Difficile d'en dire plus sur ce gros roman à la fois sombre et lumineux, sans dévoiler ce qui fait le coeur de l'histoire. Sachez seulement que court en double fond une référence constante à l'oeuvre d'Homère, envisagée comme une réflexion sur "le paradoxe de la divinité et de la fatalité". Comme dans l'Illiade il y aura une guerre, et comme dans l'Odyssée il y aura un lent et douloureux retour vers soi. Cette odyssée new-yorkaise est un peu le récit du désenchantement, quand on entre dans la vraie vie et dans le monde du travail, et que l'on réalise qu'il va falloir légèrement raboter ses illusions pour les ajuster au cadre du réel.
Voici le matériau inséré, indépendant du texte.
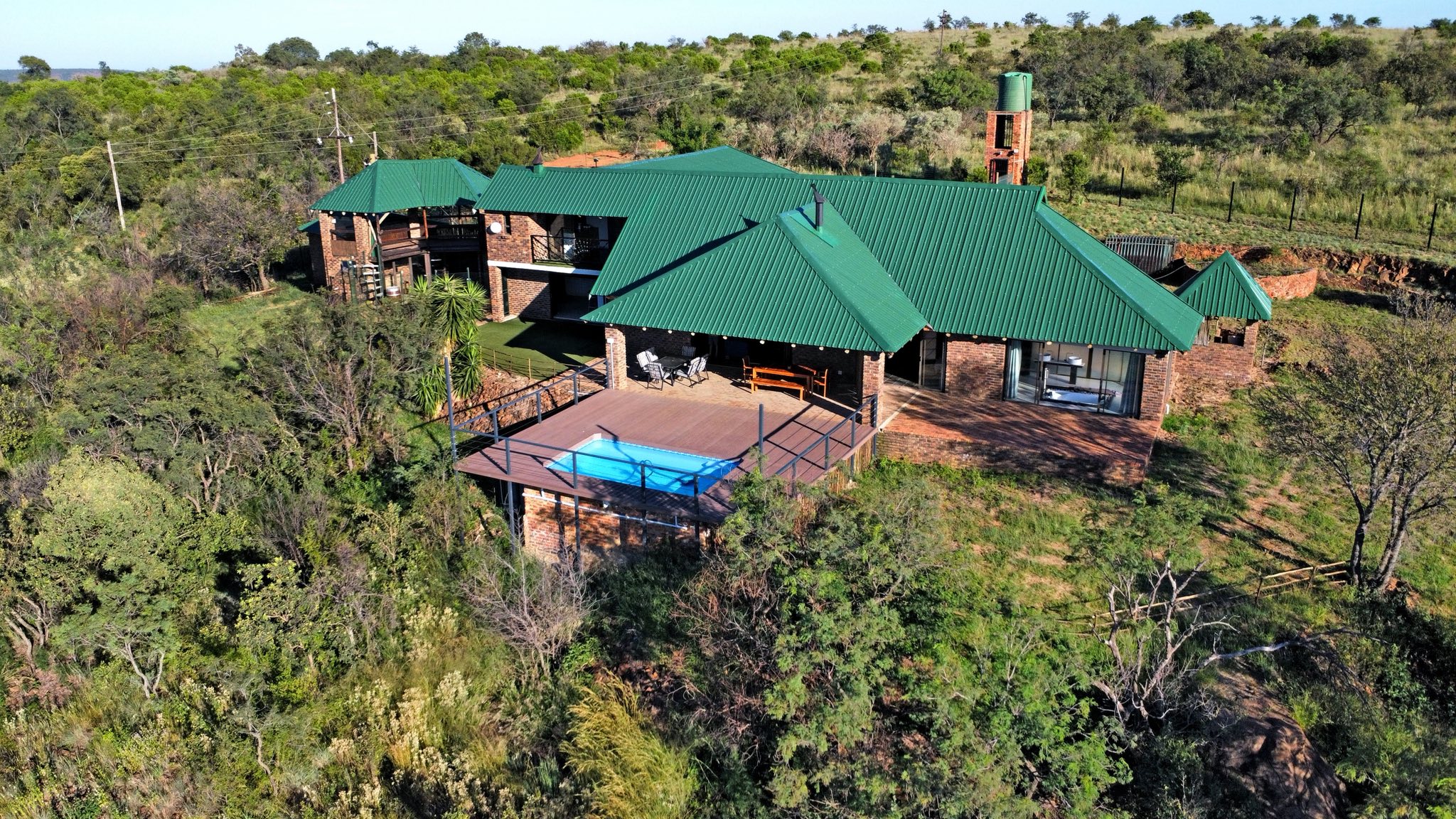 Kudu Plains Bush Accommodation Facebook ad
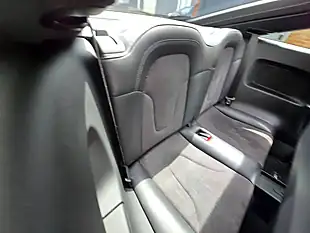 Used 2012 Audi Tt Black Edition White - Interior and Exterior details 13
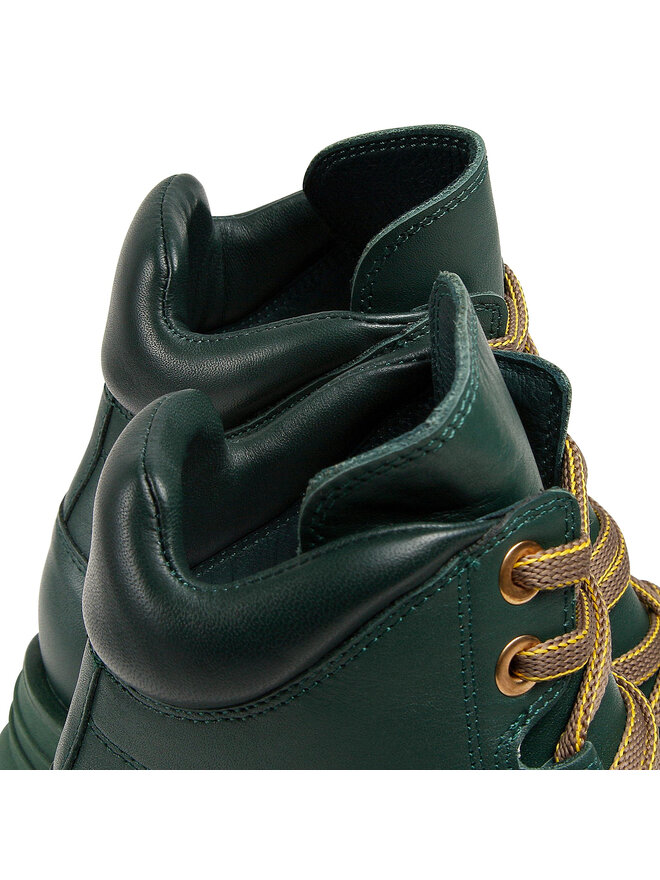 Badura Stiefeletten Badura 222FW31 Grün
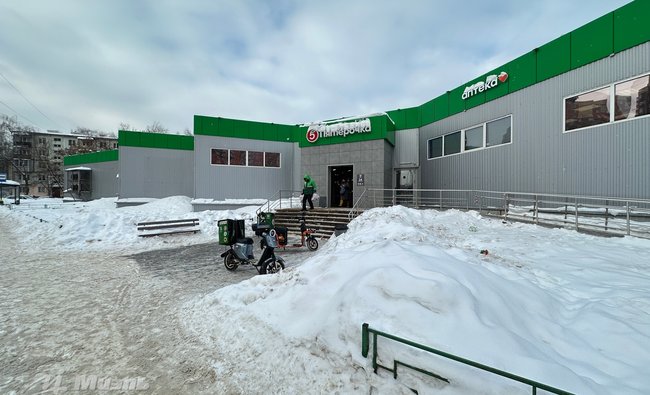 1-комнатная квартира в г. Балашиха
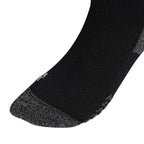 ADIDAS NEWCASTLE UNITED 2025/2026 HOME SOCKS - BLACK/WHITE
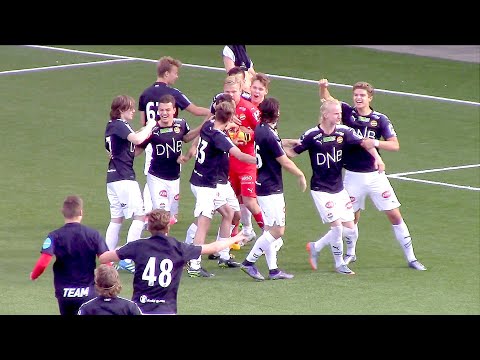 G19: Strømsgodset – Lillestrøm, sammendrag [2017-06-24, NM Telenor Cup]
On n'en reste pas moins gai, et digne, mais un peu moins léger. Et on accepte d'être singulier sans être exceptionnel. Ce roman, qui délivre une envoutante petite musique désabusée, est aussi une très belle déclaration d'amour à la ville de New York, cette ville que l'on adore détester, et dont l'auteur nous fait arpenter tous les boroughs ; New York et ses taxis jaunes, ses immeubles qui touchent le ciel, ses loyers hors de prix et son inépuisable énergie. Et c'est aussi, bien sûr, un hymne à l'amitié, infaillible et indéfectible, qui permet de survivre à tout, ou presque.
 
"Nous étions tombés dans la routine avec une facilité et une indifférence déconcertantes, suivant un chemin tout tracé, de la porte de l'appartement à l'ascenseur du bureau, avec un détour à mi-parcours par la même boulangerie où la même équipe nous servait le même pain au chocolat et le même café, tous les jours."
 
Traduit de l'anglais (États-Unis) par Sophie Troff.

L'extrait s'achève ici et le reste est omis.